With the power of agents, both for coding and research, the path from junior to senior has never been clearer; while at the exact same time, it has become perilous, as the temptation to use coding agents as a crutch (not unlike Stack Overflow copy-pasting was) has become all too easy to fall for. The opportunity for self-education (if there was ever an alternative) has never been easier, but it means going deeper. I personally discover new patterns and possible functionality built into Python (my main language) on a weekly basis by exploring the problem space with my agents. Use them as a tutor, and then verify their assertions with primary documentation. It’s a Google search away; or your agent can provide a link. Primary source referencing has never been easier. Make it the required standard.
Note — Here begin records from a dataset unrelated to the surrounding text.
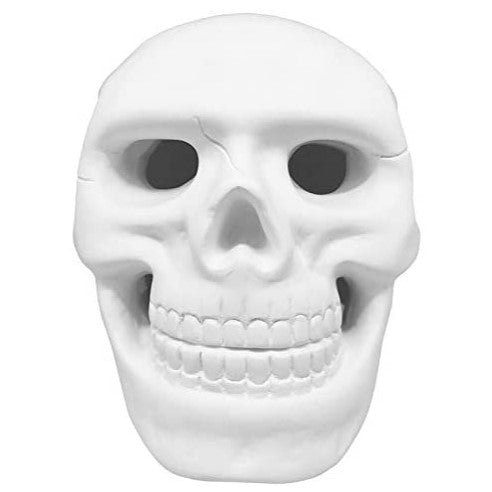 Plaster Skull
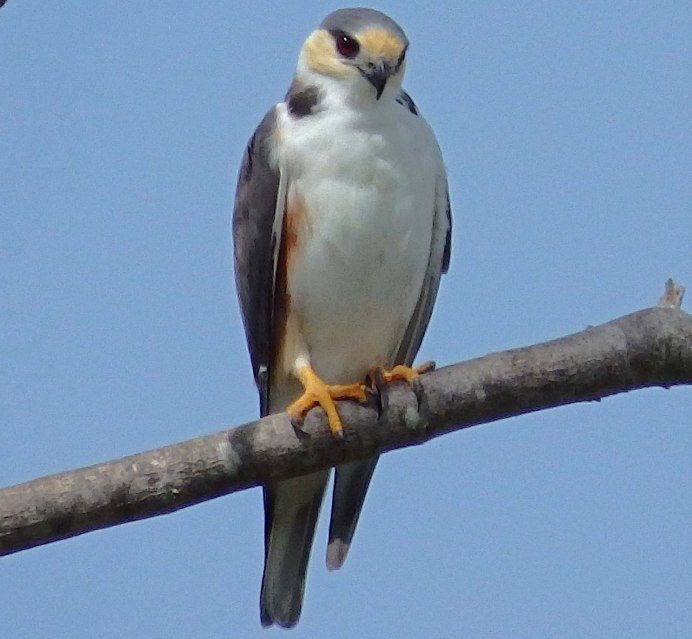 Black Shoulder Kite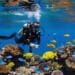 Scuba diving in Goa
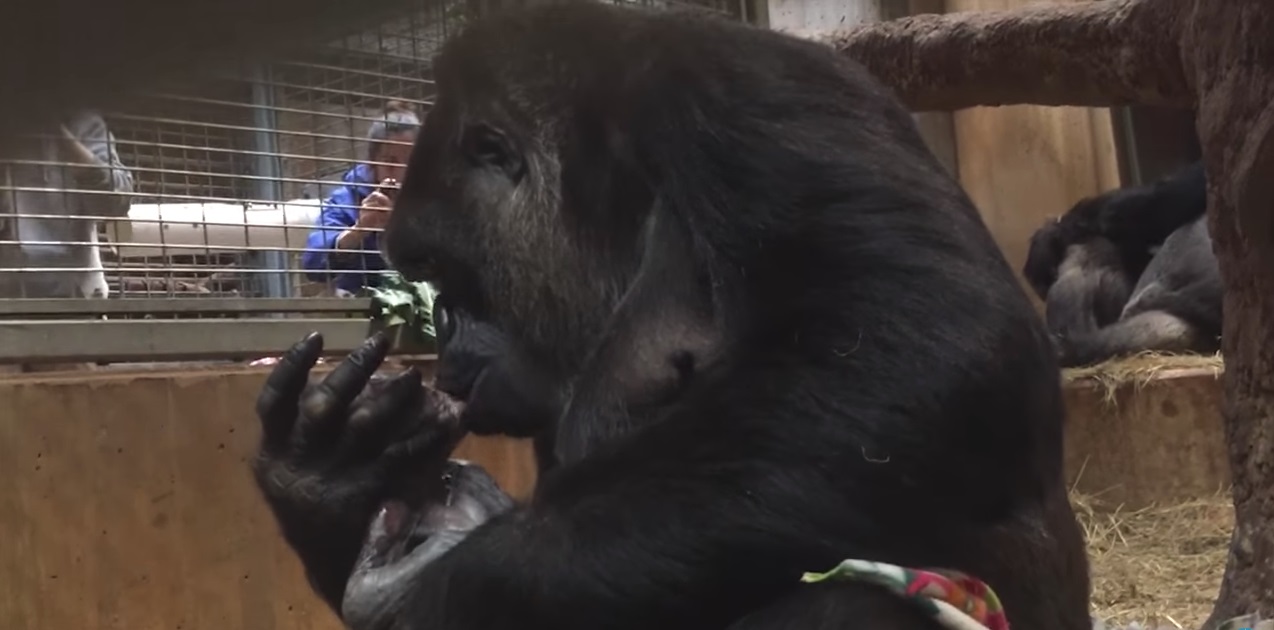 Η μαμά γορίλας που «έλιωσε» το Facebook: Φιλά τρυφερά το νεογέννητό της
Every time AI modality shifts—completions, chats, chat agents, clusters of agents—we all reset our speed gauges back to “who knows.” … AI-assisted development may be significantly faster, but the exact speedup varies. Calibrate conservatively and multiply your optimistic estimate by five. (Kim and Yegge 148)

When you vibe code with coding agents, you’re no longer a solo developer. You and your coding agents are now a development team. (Kim and Yegge 150)

The core point is that the human shipping the code owns the outcomes and responsibilities when it goes wrong. Don’t spam Enter and commit without understanding what you’ve made.